Scoring factors also include evidence. When a penalty or bonus is applied to a dimension score, the factor entry records both a human-readable description and, where available, the supporting details or policy quote that triggered it.

Analysis Pipeline

Each company assessment follows a five-stage pipeline. The entire process runs asynchronously via background jobs.

1
Discover URLs
Locate the company's privacy policy, terms of service, cookie policy, DPA, and subprocessor list URLs.
2
Scrape policies
Fetch each document and convert to clean, structured markdown. Cookie tables and supplementary pages are appended.
3
Detect trackers
Scan the company's live website for advertising trackers, analytics services, session recording tools, and cookies.
4
Run 17 AI tasks
Execute extraction tasks in parallel: data partners, policy claims, tracking cookies, collected data types, policy summary, broker indicators, deletion difficulty, dark patterns, data purposes, international transfers, retention policies, subprocessors, company info, AI practices, terms core, terms financial, and terms legal.
5
Calculate score
Apply the 5-dimension scoring engine with weights, penalties, and bonuses to produce the composite 0–100 privacy score.

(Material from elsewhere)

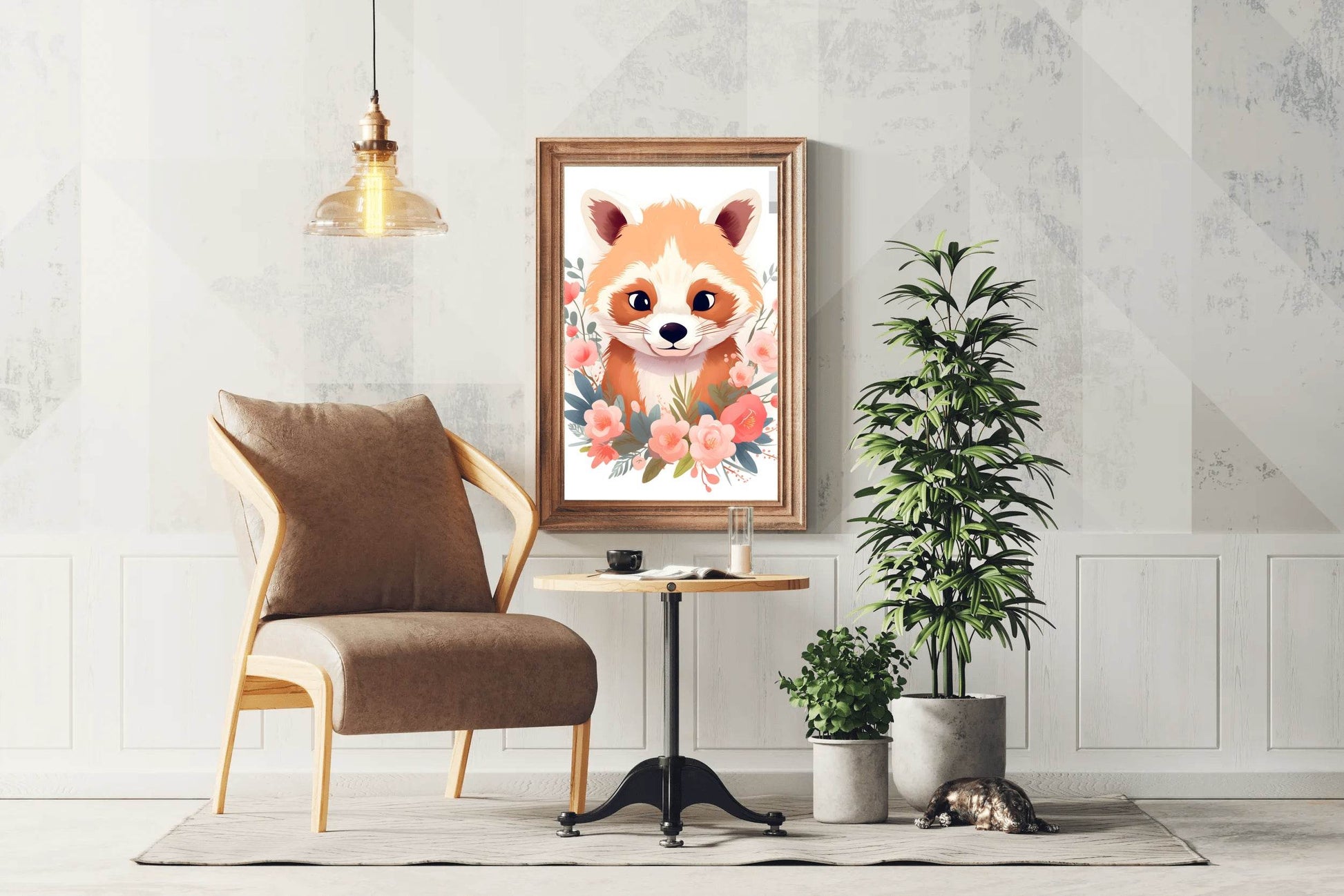 Cute Watercolor Red Panda Wall Art - beink online art store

For a deeper look at each stage, see How Analysis Works.

Limitations

Signals are derived from publicly available documents and infrastructure. Internal data handling practices, employee training, or unpublished policies are not captured. Companies without a published privacy policy receive zeroed scores for Data Collection, Data Sharing, and Tracking dimensions to avoid false positives from missing data.

AI extraction is automated and conservative. When the system is uncertain about a finding, it records the uncertainty rather than making an unsupported claim. All signals should be considered one input among many when evaluating a company's privacy practices.